If SNR  1, the reduced variance is only determined by ρ, or the impact of SNR cannot be neglected.

Correction on multi-model mean projection

Optimal PC1 and PC2 are estimated by the emergent constraint using mean of the observed T1 and T2 (Fig. 2). Then WNPSH projection is corrected based on EOF reconstruction following Eq. (1):

$$\Delta {\mathrm{SLP}} = \Delta \overline {{\mathrm{SLP}}} + \Delta {\mathrm{SLP}}^\prime \approx \Delta \overline {{\mathrm{SLP}}} + \mathop {\sum}\limits_1^n {({\mathrm{PC}}_{i,\mathrm{O}} \times {\mathrm{EOF}}_{i,s})} ;$$
(8)

in which subscript “O” denotes optimal PCs constrained by observational SST; bar denotes the multi-model ensemble mean. Here, mode number n is 2. The precipitation and 850 hPa wind fields can be corrected in a similar way to Eq. (8), but the EOF terms are replaced by regression coefficients related to corresponding PCs.

Defining indices of key physical processes

To illustrate possible physical mechanisms supporting the emergent constraints on WNPSH projection, several indices are defined based on previous literature or the results in this study.

To understand the relationship between intermodel spread in the historical SST in the cold-tongue region and PC1, the following indices are defined by averaging in corresponding domains in boreal summer.

  1. (1)

    Equatorial central-eastern Pacific (CEP) SST in historical simulation: 2°S–2°N, 180–80°W.

  2. (2)

    Equatorial central-western Pacific (CWP) precipitation in historical simulation: 2°S–2°N, 150°E–120°W.

  3. (3)

    Local cloud shortwave-SST feedback in the equatorial CWP: \(\Delta R_{\mathrm{SWCL}}^ \downarrow /\Delta {\mathrm{SST}}\); 2°S–2°N, 150°E–120°W. Δ means projected changes between RCP8.5 and historical simulations. \(R_{\mathrm{SWCL}}^ \downarrow\) is surface downward shortwave cloud (SWCL) radiation, calculated by the all-sky minus the clear-sky outputs.

  4. (4)

    Equatorial western Pacific (WP) SST change: \(\Delta {\mathrm{SST}}\); 2°S–2°N, 130–170°E.

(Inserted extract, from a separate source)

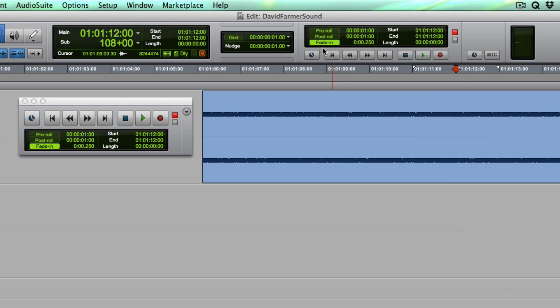So what this will do is really help save your ears from being fatigued.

To understand the relationship between intermodel spread in the historical SST beneath the marine stratocumulus region and PC2, the following indices are defined by averaging in corresponding domains in boreal summer.

  1. (5)

    SST beneath the marine stratocumulus (SC) region in historical simulation: 30°S–30°N, 150°W–360°, excluding the domain between 10°S and 10°N.

  2. (6)

    Shortwave cloud (SWCL) feedback: \(\Delta F_{\mathrm{SWCL}}^ \downarrow /\Delta {\mathrm{GMST}}\); 30°S–30°N, 140°W–360°. \(F_{\mathrm{SWCL}}^ \downarrow\) is net downward shortwave cloud radiation at TOA, calculated by the all-sky minus the clear-sky outputs.

  3. (7)

    Land–sea thermal contrast (LSTC) change: projected change of surface temperature difference between the Asian continent (20–60°N, 60–120°E) and the subtropical western North Pacific (20–40°N, 130°E–150°W).